Low-Level CUDA Support

Device management

class cupy.cuda.Device

Object that represents a CUDA device.

This class provides some basic manipulations on CUDA devices.

It supports the context protocol. For example, the following code is an example of temporarily switching the current device:

with Device(0):
    do_something_on_device_0()

After the with statement gets done, the current device is reset to the original one.

Parameters:device (int or cupy.cuda.Device) – Index of the device to manipulate. Be careful that the device ID (a.k.a. GPU ID) is zero origin. If it is a Device object, then its ID is used. The current device is selected by default.
Variables:id (int) – ID of this device.
__eq__

x.__eq__(y) <==> x==y

__ge__

x.__ge__(y) <==> x>=y

__gt__

x.__gt__(y) <==> x>y

__int__
__le__

x.__le__(y) <==> x<=y

__long__
__lt__

x.__lt__(y) <==> x<y

__ne__

x.__ne__(y) <==> x!=y

__repr__
compute_capability

Compute capability of this device.

The capability is represented by a string containing the major index and the minor index. For example, compute capability 3.5 is represented by the string ‘35’.

cublas_handle

The cuBLAS handle for this device.

The same handle is used for the same device even if the Device instance itself is different.

cusolver_handle

The cuSOLVER handle for this device.

The same handle is used for the same device even if the Device instance itself is different.

synchronize()

Synchronizes the current thread to the device.

use()

Makes this device current.

If you want to switch a device temporarily, use the with statement.

Memory management

class cupy.cuda.Memory

Memory allocation on a CUDA device.

This class provides an RAII interface of the CUDA memory allocation.

Parameters:
  • device (cupy.cuda.Device) – Device whose memory the pointer refers to.
  • size (int) – Size of the memory allocation in bytes.
__int__

Returns the pointer value to the head of the allocation.

__long__
class cupy.cuda.MemoryPointer

Pointer to a point on a device memory.

An instance of this class holds a reference to the original memory buffer and a pointer to a place within this buffer.

Parameters:
  • mem (Memory) – The device memory buffer.
  • offset (int) – An offset from the head of the buffer to the place this pointer refers.
Variables:
  • device (cupy.cuda.Device) – Device whose memory the pointer refers to.
  • mem (Memory) – The device memory buffer.
  • ptr (int) – Pointer to the place within the buffer.
__add__

Adds an offset to the pointer.

__iadd__

Adds an offset to the pointer in place.

__int__

Returns the pointer value.

__isub__

Subtracts an offset from the pointer in place.

__long__
__radd__

x.__radd__(y) <==> y+x

__rsub__

x.__rsub__(y) <==> y-x

__sub__

Subtracts an offset from the pointer.

copy_from()

Copies a memory sequence from a (possibly different) device or host.
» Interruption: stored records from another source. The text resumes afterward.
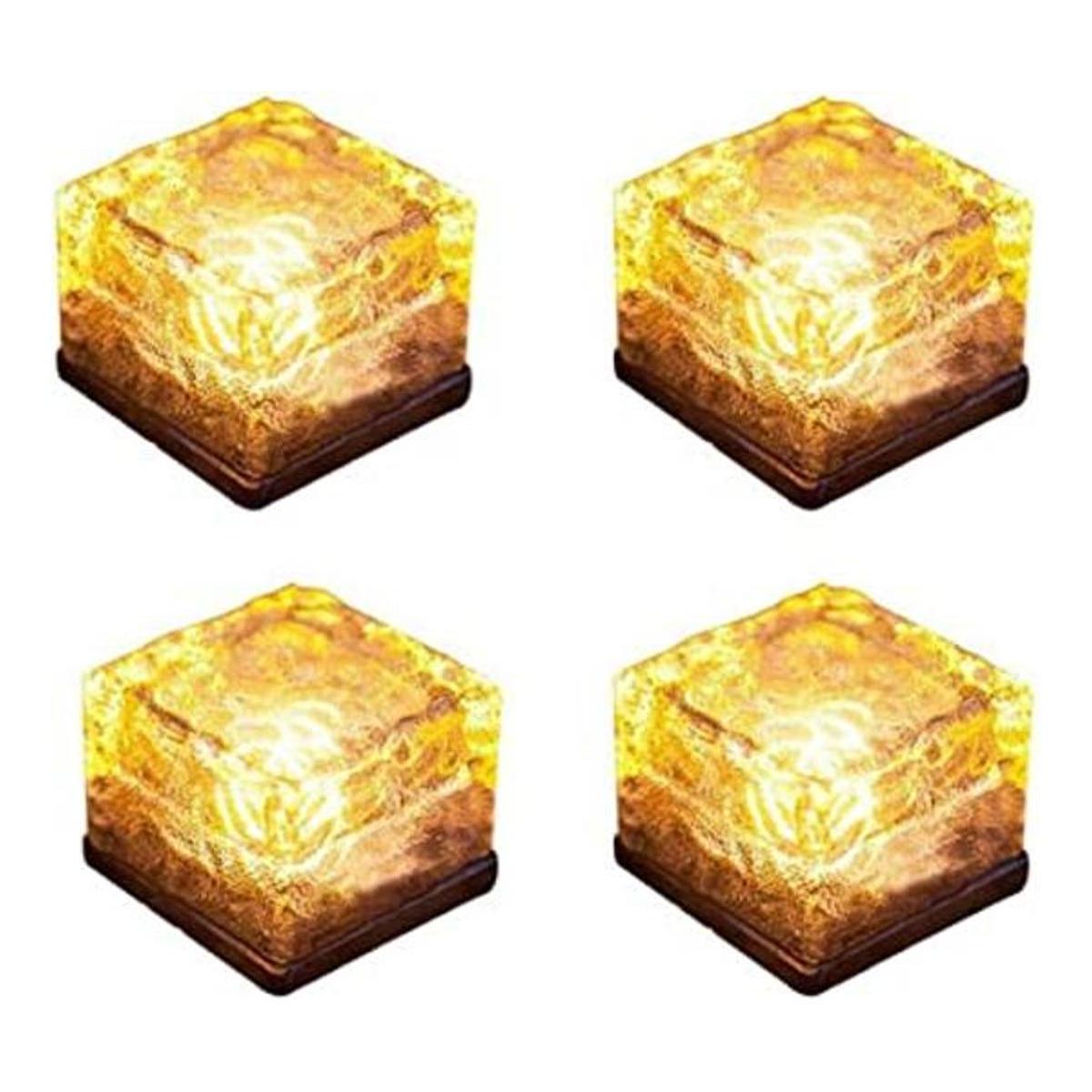Luz solar de ladrillo de vidrio luces de cubo de hielo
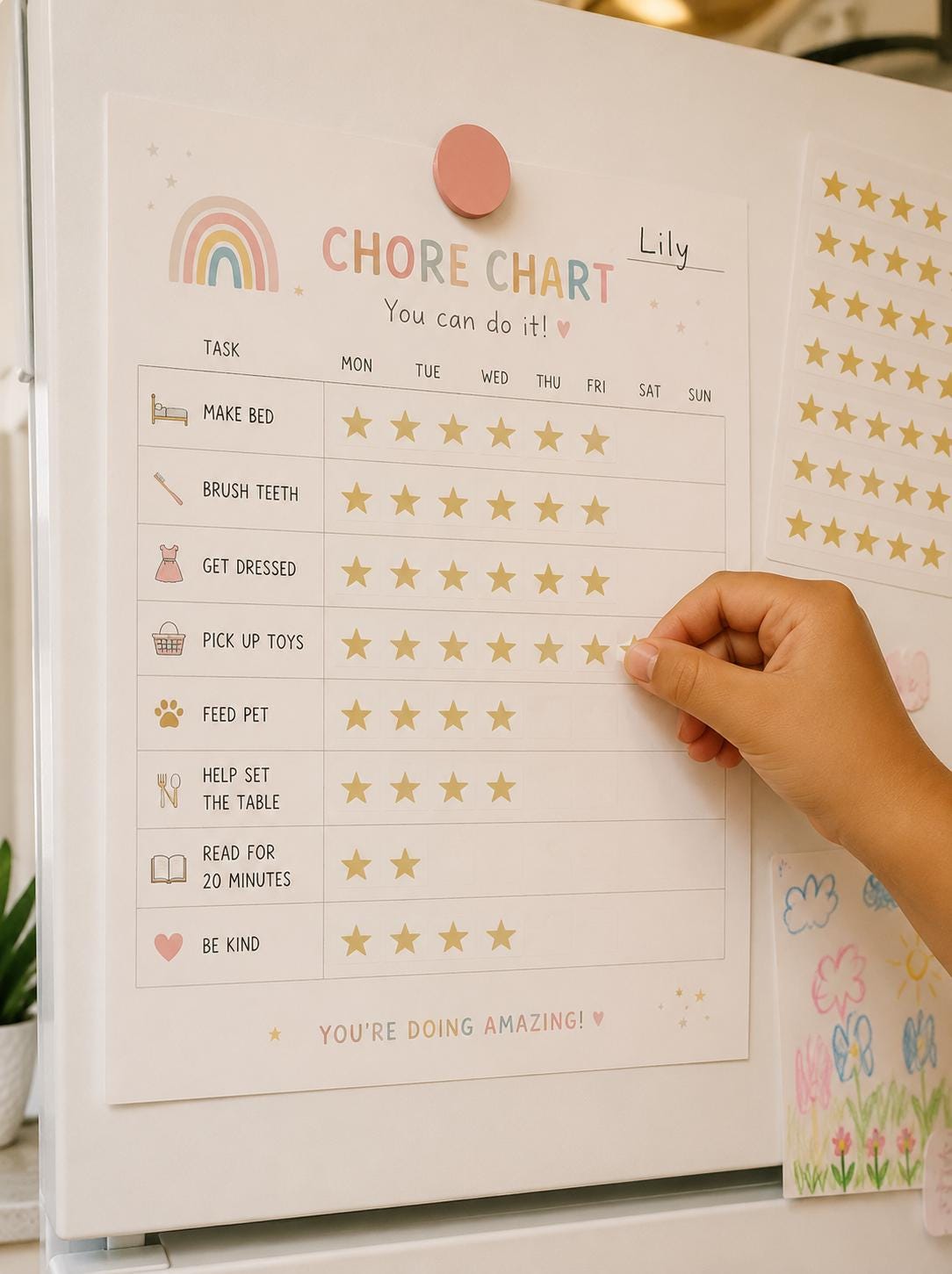Each star strip contains five stars. The star strips can be cut to single stars and can be used for children's chore charts.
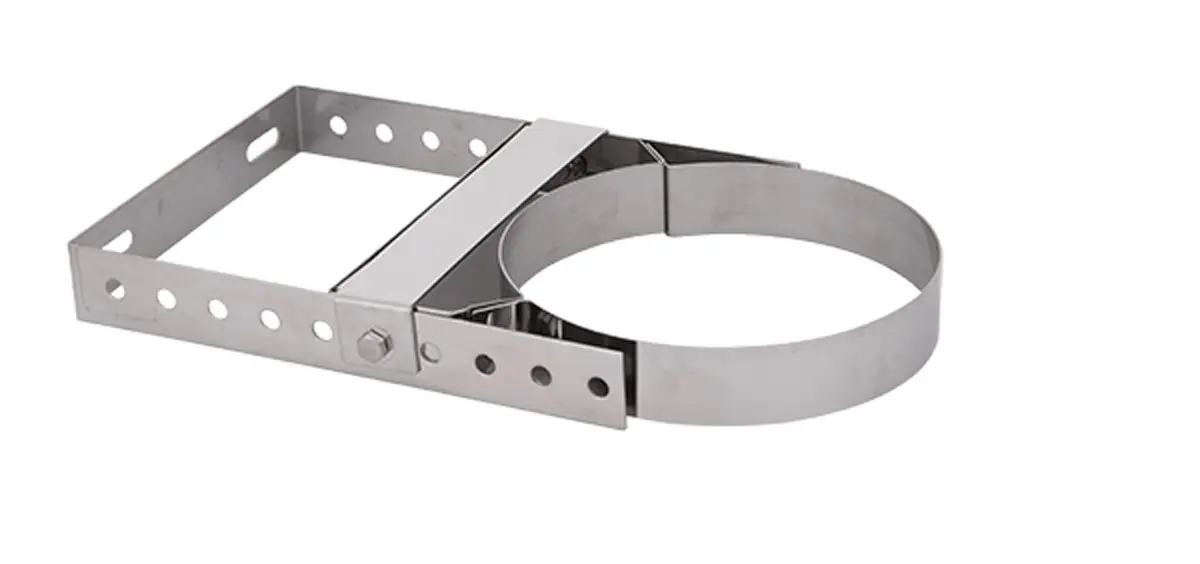 Muurbeugel verstelbaar 5-24cm Ø 200mm 0,5mm RVS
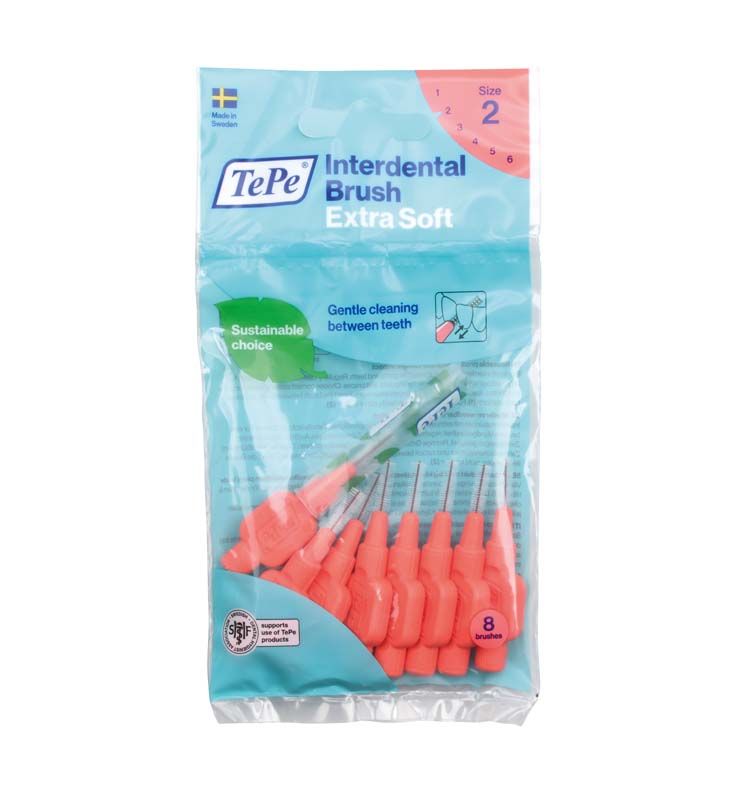 TePe Interdentalbürsten Extra Soft in Größe 2, orange, in ungeöffneter Verpackung.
This function is a useful interface that selects appropriate one from copy_from_device() and copy_from_host().

Parameters:
copy_from_async()

Copies a memory sequence from an arbitrary place asynchronously.

This function is a useful interface that selects appropriate one from copy_from_device_async() and copy_from_host_async().

Parameters:
copy_from_device()

Copies a memory sequence from a (possibly different) device.

Parameters:
copy_from_device_async()

Copies a memory from a (possibly different) device asynchronously.

Parameters:
copy_from_host()

Copies a memory sequence from the host memory.

Parameters:
  • mem (ctypes.c_void_p) – Source memory pointer.
  • size (int) – Size of the sequence in bytes.
copy_from_host_async()

Copies a memory sequence from the host memory asynchronously.

Parameters:
copy_to_host()

Copies a memory sequence to the host memory.

Parameters:
  • mem (ctypes.c_void_p) – Target memory pointer.
  • size (int) – Size of the sequence in bytes.
copy_to_host_async()

Copies a memory sequence to the host memory asynchronously.

Parameters:
memset()

Fills a memory sequence by constant byte value.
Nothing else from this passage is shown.